86. The opinion of an expert is worthless, unless founded upon a substratum of facts which are proved, exclusive of the evidence of the expert, to the satisfaction of the court according to the appropriate standard of proof. (Stephen Kanini Wang’ondu –vs- The Ark Ltd (2016) eKLR.

87. I have said enough on this issue. In conclusion, the court’s finding is that the Plaintiff has not established the nexus between the alleged nuisances and the alleged damage to her health.

D. Whether the damage on the Plaintiff’s building is attributable to the vibrations from the BTS. 88. The Plaintiff alleged that the vibrations from the Defendant’s BTS are the cause of the cracks on her building.

89. In my opinion, the Plaintiff needed to prove 2 things: -i.That there were indeed cracks on her building.ii.That the cracks were a direct result of the vibrations from the BTS or that they were accelerated by the vibrations.

90. The Defendant in response to the Plaintiff’s allegation stated that they had conducted a study as a result of the numerous complaints from the Plaintiff. The study or internal audit was done by an expert certified by NEMA. In its submissions, the Defendant submitted on the report ‘DE 8’ which found out that the vibrations by the generator at the Defendant’s BTS was 0. 21 cm/s and was unlikely to cause damage to any building. Vibrations that would cause damage as alleged by the Plaintiff would have to be in the range of 10-15 cm/s.

91. The Plaintiff did not present any evidence to contradict the report by the Defendant. The Plaintiff did not present any expert report to support her allegations.

92. The court’s conclusion is that the Plaintiff has not established that the damage to her building first and foremost existed and if deed, that it was caused by vibrations from the Defendant’s generator at the BTS.

93. One curious observation in the report produced by the Defendant at page 168 of the Defendant’s bundle of documents was that even when the Defendant’s generator was switched off, the noise level in the area where the Plaintiff’s building is situated was above the regulatory limits. This was attributable to various other activities and sources in the area as noted. This is a serious indictment on the regulators of pollution in this country.

94. It is the high time that regulatory authorities including the County Governments and NEMA took up their mandates to control air pollution, noise pollution and other public nuisances with the seriousness it deserves. Otherwise, there is not justifiable reason why a County Government or any other regulator for that matter should not be held liable for failure and or omission to execute its statutory or constitutional mandate by anyone who suffers loss and damage as a consequence of such a failure and or omission.
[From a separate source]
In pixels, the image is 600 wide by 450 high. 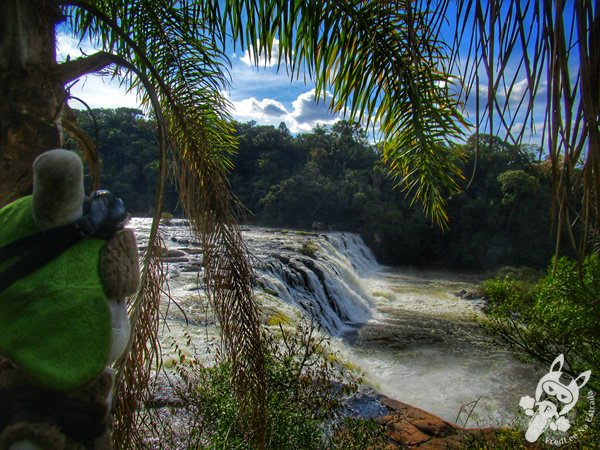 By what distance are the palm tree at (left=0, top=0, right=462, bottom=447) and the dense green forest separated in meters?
17.1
E. Whether the Plaintiff has made a case for award of loss of rental income. 95. The Plaintiff in her submissions correctly described her claim for loss of rental income as ‘special damages on lost rental income’. The law on special damages is well settled to the effect that, special damages need to be pleaded before they can be awarded; further, they must also be strictly proved before they can be awarded.

96. The Court of Appeal in the case of Coast Bus Ltd-vs-Sisco E. Murunga Danyi & 2 others, Civil Appeal No. 192 of 1992 restated the position in the following terms: -“We would restate the position (that) special damages must be pleaded with as much particularity as circumstances permit”.
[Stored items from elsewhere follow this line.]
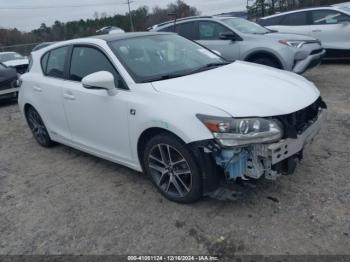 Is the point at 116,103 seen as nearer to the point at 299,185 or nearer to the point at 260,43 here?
the point at 299,185

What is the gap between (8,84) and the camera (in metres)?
9.77

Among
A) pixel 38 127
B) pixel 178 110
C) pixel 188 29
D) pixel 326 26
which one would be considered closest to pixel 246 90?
pixel 178 110

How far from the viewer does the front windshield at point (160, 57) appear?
3.82 m

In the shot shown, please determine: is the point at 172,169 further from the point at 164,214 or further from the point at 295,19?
the point at 295,19

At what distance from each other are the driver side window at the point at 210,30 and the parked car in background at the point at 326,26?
9.26 ft

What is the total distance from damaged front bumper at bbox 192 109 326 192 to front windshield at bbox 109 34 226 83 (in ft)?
3.44

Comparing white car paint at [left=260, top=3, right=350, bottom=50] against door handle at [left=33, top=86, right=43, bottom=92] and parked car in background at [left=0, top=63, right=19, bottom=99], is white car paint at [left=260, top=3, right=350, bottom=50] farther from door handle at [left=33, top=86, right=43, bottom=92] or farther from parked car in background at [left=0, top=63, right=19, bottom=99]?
parked car in background at [left=0, top=63, right=19, bottom=99]

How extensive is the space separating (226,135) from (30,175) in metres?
2.91

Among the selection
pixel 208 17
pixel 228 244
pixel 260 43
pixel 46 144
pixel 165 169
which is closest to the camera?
pixel 228 244

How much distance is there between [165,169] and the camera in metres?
3.60

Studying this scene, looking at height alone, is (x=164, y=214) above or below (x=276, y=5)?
below

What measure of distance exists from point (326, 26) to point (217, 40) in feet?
11.3

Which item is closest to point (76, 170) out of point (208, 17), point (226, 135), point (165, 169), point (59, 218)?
point (59, 218)

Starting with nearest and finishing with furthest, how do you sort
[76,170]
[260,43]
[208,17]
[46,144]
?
[76,170], [46,144], [260,43], [208,17] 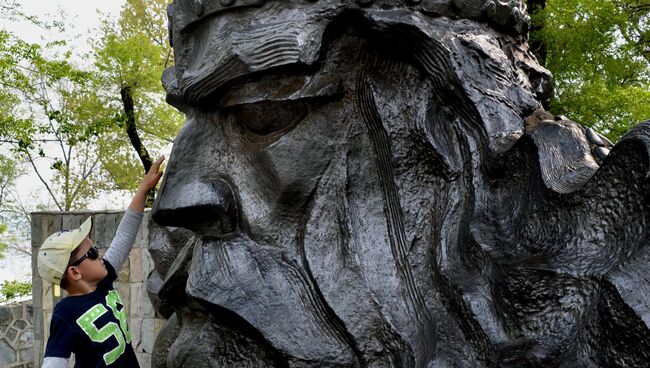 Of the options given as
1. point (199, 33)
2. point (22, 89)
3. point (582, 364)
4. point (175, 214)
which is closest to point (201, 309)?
point (175, 214)

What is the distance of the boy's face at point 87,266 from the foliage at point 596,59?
513 centimetres

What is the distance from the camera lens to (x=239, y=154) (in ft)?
7.46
97. Addressing a situation similar to what is before me, where a party merely listed special damages without proof and expected the court to allow them, the court of Appeal in Capital Fish Limited –vs- Kenya Power Lighting Company Limited (2016) eKLR, re-affirmed the time tested principle that special damages should not only be specifically pleaded but must also be strictly proved. The court was categorical that it is not enough for a party to throw an ‘abstract figure’ to the court with a mere statement that….’this is the loss the Appellant suffered…..please award it to the Appellant.’ Credible documentary evidence must be adduced to prove the pleaded special damages.

98. In David Bagine Vs Martin Bundi (1997) eKLR, the Court of Appeal cited the Judgment by Lord Goddard CJ. in Bonham Carter vs Hyde Partk Hotel Limited (1948) 64 TLR 177), where he stated that:“The Plaintiffs must understand that if they bring actions for damages it is for them to prove damage. It is not enough to note down the particulars and, so to speak, throw them at the head of the court saying ‘this is what I have lost’, I ask you to give me these damages; they have to prove it.”
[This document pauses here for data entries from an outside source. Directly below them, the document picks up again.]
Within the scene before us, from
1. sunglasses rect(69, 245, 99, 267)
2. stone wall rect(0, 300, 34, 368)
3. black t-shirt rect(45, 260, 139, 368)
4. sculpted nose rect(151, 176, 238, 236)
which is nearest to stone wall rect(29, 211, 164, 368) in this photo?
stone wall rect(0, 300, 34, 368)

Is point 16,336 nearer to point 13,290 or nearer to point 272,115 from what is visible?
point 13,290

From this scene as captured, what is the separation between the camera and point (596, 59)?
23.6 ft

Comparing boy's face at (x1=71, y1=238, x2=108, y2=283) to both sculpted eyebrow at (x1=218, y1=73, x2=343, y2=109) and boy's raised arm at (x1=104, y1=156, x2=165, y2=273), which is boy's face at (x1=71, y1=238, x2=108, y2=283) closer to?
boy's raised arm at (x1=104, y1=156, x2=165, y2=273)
99. In the case ofKenya women Finance Ltd vs Martha Wangari Kamau (2021) eKLR, Justice Chacha Mwita cited with approval the Nigerian case of Union Bank of Nigeria PLC –Vs- Alhaji Adams Ayabule & Another (2011) JELR 48225(SC) (SC 221/2005(16/2/2011), Mahmud Mohammed, JSC, delivering the judgment of the supreme court of Nigeria stated that:“I must emphasize that the law is firmly established that special damages must be pleaded with distinct particularity and strictly proved and as such a court is not entitled to make an award for special damages based on conjecture or on some fluid and speculative estimate of loss sustained by a Plaintiff….Therefore, as far as the requirements of the law are concerned on the award of special damages, a trial court cannot make its own individual arbitrary assessment of what it conceives the plaintiff may be entitled to. What the law requires in such a case is for the court to act strictly on the hard facts presented before the court and accepted by it as establishing the amount claimed justifying the award.”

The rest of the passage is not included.